Regulators in California, Florida, Illinois, Texas and Conseco's home state, Indiana, say they are confident that the insurance subsidiaries are meeting state solvency standards.
"The insurance companies are solvent and profitable," says Greg Thomas, chief deputy commissioner of the Indiana Department of Insurance. "It is the parent company that is really the problem."
But Conseco has not yet addressed the possible effects of ratings changes on producers' willingness to place business with the Conseco insurance units, regulators say.
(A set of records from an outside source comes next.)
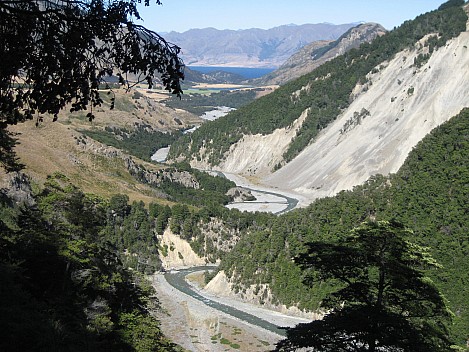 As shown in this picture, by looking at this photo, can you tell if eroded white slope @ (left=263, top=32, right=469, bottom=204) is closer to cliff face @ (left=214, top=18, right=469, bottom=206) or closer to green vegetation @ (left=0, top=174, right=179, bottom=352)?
cliff face @ (left=214, top=18, right=469, bottom=206)

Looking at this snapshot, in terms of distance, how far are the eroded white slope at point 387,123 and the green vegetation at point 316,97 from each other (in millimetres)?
4521

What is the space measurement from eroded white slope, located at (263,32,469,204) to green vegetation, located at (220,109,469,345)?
95.8 ft

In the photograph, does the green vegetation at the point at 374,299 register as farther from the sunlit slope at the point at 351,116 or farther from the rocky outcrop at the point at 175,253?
the sunlit slope at the point at 351,116

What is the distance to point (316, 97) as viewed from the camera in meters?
139

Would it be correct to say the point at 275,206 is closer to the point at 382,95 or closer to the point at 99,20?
the point at 382,95

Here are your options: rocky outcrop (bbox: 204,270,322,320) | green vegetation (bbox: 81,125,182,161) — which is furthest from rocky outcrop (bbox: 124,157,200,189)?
rocky outcrop (bbox: 204,270,322,320)

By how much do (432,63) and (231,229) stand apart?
5340 cm

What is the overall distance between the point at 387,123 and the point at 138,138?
90.3 m

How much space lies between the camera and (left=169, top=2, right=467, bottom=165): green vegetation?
393 ft

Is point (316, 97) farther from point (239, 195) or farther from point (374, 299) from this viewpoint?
point (374, 299)

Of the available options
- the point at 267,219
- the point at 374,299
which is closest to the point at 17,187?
the point at 267,219

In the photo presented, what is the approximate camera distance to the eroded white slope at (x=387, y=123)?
9588 centimetres

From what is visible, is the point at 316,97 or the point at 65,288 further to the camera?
the point at 316,97

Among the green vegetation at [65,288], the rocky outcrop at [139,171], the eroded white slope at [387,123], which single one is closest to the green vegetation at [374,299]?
the green vegetation at [65,288] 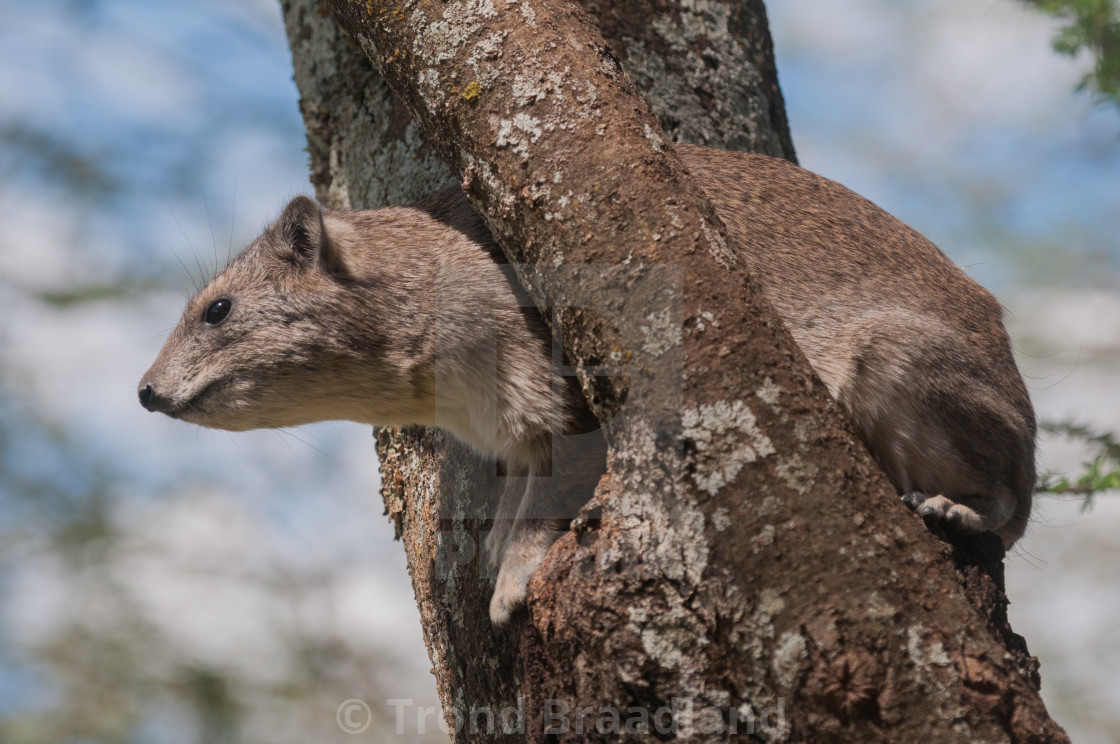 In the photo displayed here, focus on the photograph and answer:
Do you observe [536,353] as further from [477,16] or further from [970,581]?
[970,581]

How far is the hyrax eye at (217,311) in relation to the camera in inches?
204

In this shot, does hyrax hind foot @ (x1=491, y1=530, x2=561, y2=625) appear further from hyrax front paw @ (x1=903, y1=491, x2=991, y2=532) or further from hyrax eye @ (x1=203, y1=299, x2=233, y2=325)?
hyrax eye @ (x1=203, y1=299, x2=233, y2=325)

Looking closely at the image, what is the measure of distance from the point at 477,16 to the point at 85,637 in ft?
41.1

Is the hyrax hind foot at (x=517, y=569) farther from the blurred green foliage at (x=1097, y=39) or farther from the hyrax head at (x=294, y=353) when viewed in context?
the blurred green foliage at (x=1097, y=39)

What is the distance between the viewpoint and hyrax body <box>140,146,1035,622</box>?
14.6 feet

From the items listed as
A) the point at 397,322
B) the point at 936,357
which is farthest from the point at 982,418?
the point at 397,322

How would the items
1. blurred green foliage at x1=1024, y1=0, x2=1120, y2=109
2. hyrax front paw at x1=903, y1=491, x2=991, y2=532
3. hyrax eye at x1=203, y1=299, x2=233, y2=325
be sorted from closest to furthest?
hyrax front paw at x1=903, y1=491, x2=991, y2=532
hyrax eye at x1=203, y1=299, x2=233, y2=325
blurred green foliage at x1=1024, y1=0, x2=1120, y2=109

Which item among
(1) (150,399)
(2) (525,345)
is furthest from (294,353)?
(2) (525,345)

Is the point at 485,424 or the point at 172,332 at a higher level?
the point at 172,332

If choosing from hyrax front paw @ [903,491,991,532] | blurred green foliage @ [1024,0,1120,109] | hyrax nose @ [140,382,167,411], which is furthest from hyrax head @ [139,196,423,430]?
blurred green foliage @ [1024,0,1120,109]

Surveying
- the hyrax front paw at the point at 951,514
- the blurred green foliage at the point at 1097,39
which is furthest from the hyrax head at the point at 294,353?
the blurred green foliage at the point at 1097,39

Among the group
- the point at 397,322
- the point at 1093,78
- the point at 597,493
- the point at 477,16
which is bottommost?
the point at 597,493

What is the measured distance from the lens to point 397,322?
4848 millimetres

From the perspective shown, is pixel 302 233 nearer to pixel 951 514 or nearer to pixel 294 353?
pixel 294 353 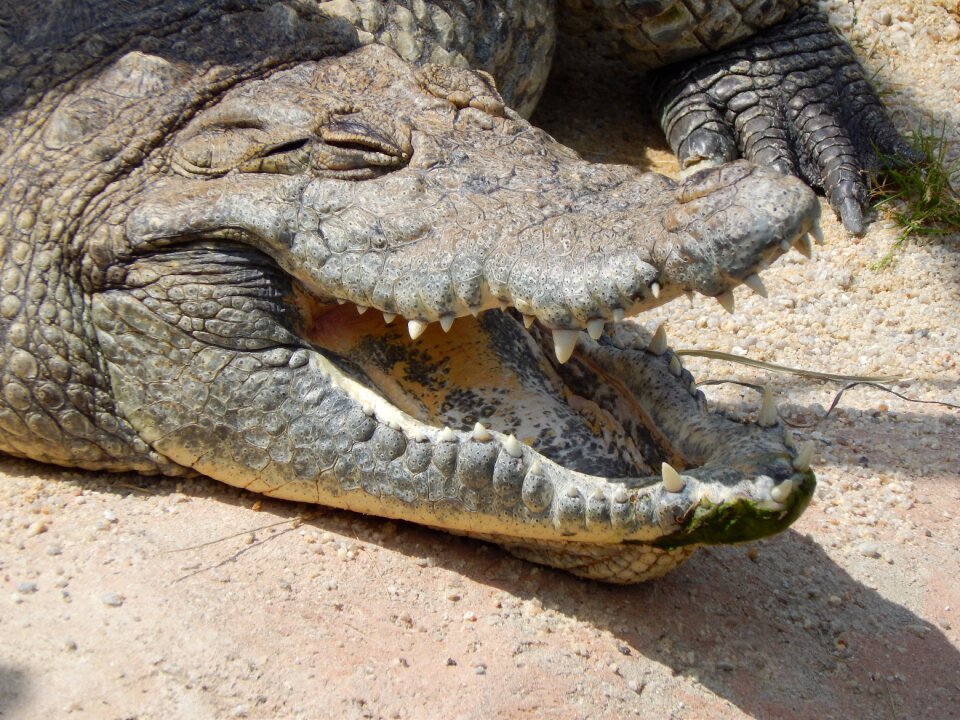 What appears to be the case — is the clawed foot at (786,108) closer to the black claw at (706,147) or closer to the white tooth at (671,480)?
the black claw at (706,147)

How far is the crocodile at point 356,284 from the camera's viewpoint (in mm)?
2271

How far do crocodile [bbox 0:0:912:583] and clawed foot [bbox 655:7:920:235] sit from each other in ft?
6.97

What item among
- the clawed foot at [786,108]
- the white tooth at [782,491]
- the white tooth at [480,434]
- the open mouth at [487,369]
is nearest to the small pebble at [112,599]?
the open mouth at [487,369]

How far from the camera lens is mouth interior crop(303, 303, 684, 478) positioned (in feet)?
8.98

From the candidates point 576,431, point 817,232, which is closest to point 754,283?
point 817,232

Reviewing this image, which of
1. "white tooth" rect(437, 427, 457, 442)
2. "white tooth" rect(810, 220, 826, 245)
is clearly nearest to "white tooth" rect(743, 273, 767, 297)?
"white tooth" rect(810, 220, 826, 245)

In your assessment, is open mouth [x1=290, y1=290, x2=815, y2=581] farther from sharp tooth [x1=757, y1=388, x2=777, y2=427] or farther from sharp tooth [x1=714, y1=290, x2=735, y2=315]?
sharp tooth [x1=714, y1=290, x2=735, y2=315]

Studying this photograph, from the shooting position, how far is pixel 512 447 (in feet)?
7.88

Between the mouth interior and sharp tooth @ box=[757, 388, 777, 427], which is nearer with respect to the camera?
sharp tooth @ box=[757, 388, 777, 427]

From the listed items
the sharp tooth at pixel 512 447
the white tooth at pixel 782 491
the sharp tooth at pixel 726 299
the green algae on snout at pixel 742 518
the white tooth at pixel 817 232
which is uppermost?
the white tooth at pixel 817 232

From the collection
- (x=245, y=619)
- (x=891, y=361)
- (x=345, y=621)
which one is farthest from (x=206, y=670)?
(x=891, y=361)

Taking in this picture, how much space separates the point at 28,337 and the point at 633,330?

Conseco announced plans Aug. 9 to exercise a 30-day grace period on upcoming bond payments, and to hire an investment bank, Lazard Freres & Company L.L.C., New York, and a law firm, Kirkland & Ellis, to help it work with debt holders to restructure the parent company's finances.
Although Moody's Investors Service, New York, has left the ratings of most of Conseco's insurance units unchanged at B2, and Standard & Poor's, New York, has kept the insurance units' ratings at B+-negative, the ratings are lower than they used to be.
Fitch Ratings, Chicago, responded to the Aug. 9 announcement by lowering its insurance ratings to B, from BB.
Regulators say Conseco has tried to keep them informed about the status of the insurance operations, and about the nature of the parent company's second-quarter earnings, which are supposed to be released Wednesday.
In Florida, for example, all 12 Conseco units that operate in the state are in good standing, according to Beth Vecchioli, deputy director of insurance services with the Florida Department of Insurance.
"Conseco has been really good about reaching out," Vecchioli says.